Sono le stesse donne curde a sottolineare come la resistenza armata delle donne del Rojava non sarebbe possibile senza questa profonda trasformazione sociale, senza la presa di coscienza della condizione femminile nella società patriarcale e il suo superamento nella pratica.

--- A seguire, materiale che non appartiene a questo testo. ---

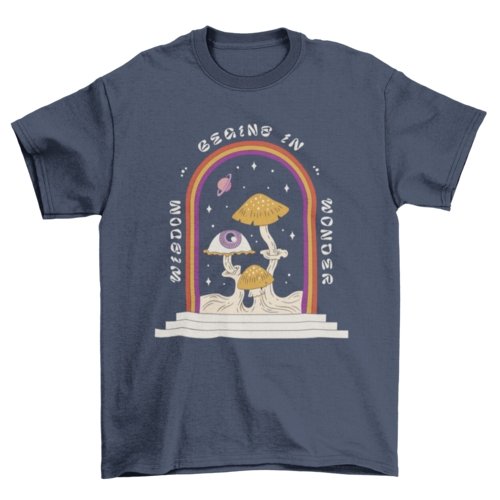 Wisdom Begins in Wonder Tee - Humble Mushrooms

A questo proposito, chiudo citando l’intervento della presidente di Uiki Onlus alla recente presentazione del libro di Sakiné a Roma: “Le donne curde, accanto agli uomini non dimentichiamolo, sono scese nel campo di battaglia e si sono misurate contro le forze dello Stato Islamico pronte a uccidere o morire. Il mondo le ha acclamate ma se non avessero avuto coscienza di sé, del sistema sociale che stanno costruendo e, d’altra parte, conoscenza profonda delle motivazioni che muovono gli invasori, non avrebbero mai imbracciato un’arma. Ci tengo a sottolineare nuovamente il punto essenziale da cogliere: è l’atto del decidere in sé. Battersi è stato un passo obbligato per le donne di Kobane.”

Viola – 20/02/2015


Le donne guerrigliere mi hanno sempre affascinata per la forza e la determinazione che esprimono. Nel caso delle compagne kurde c’è, per me, qualcosa in più che mi risuona. Sia per la forza della relazione femminista tra di loro, che è evidente nelle immagini e nei video, sia perché, nel caso del Rojava in particolare, le immagino profondamente consapevoli del fatto che stiano sparando contro degli stupratori e trafficanti di donne rese schiave. E’ un di più che mi risuona profondamente. Gli uomini nelle guerre e nelle imprese di conquista hanno sempre usato anche lo stupro come arma, ma di solito non vengono ammazzati DALLE DONNE per questa ragione.